(Exercise directions): Write out the data word for word, taking care that no picture is carried over.

(Stored data):
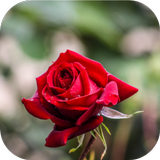 red rose pic آئیکن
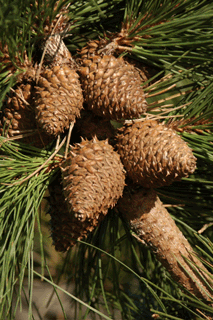 Pinus muricata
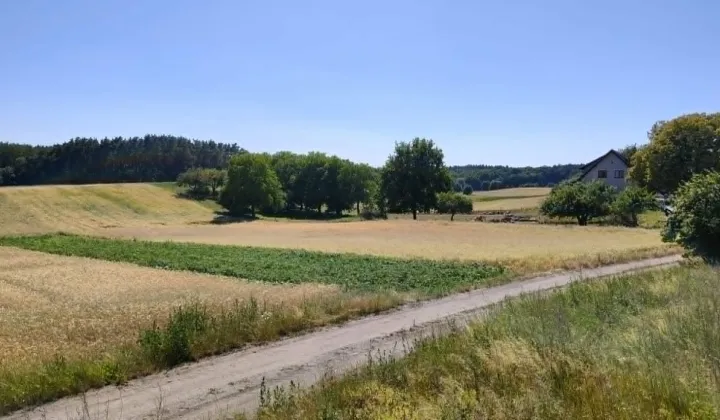 Działka budowlana Dębe, ul. Na Wiatrak
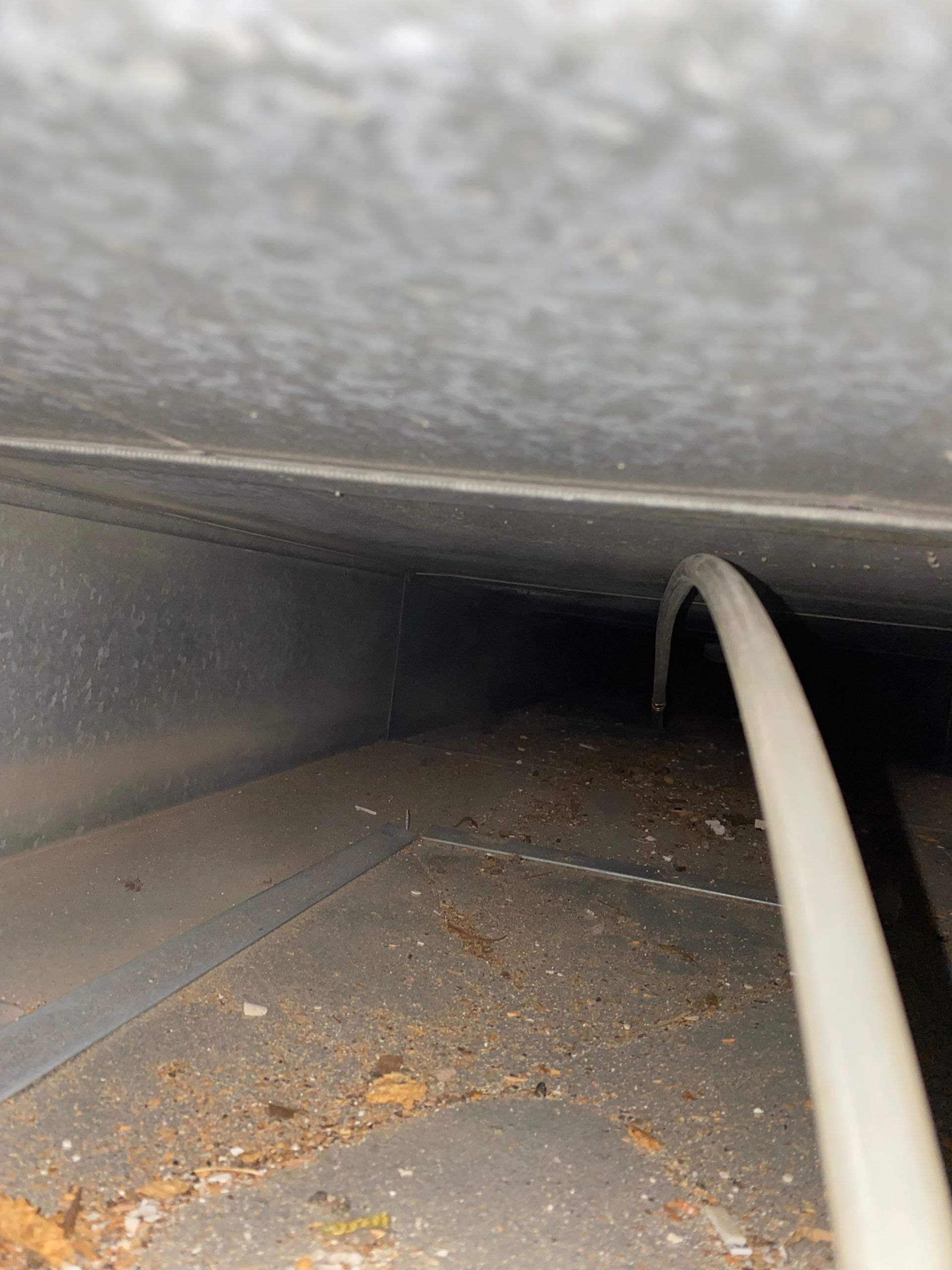 A white hose is hanging from the ceiling of a room.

(Answer to this task):
 red rose pic آئیکن
 Pinus muricata
 Działka budowlana Dębe, ul. Na Wiatrak
 A white hose is hanging from the ceiling of a room.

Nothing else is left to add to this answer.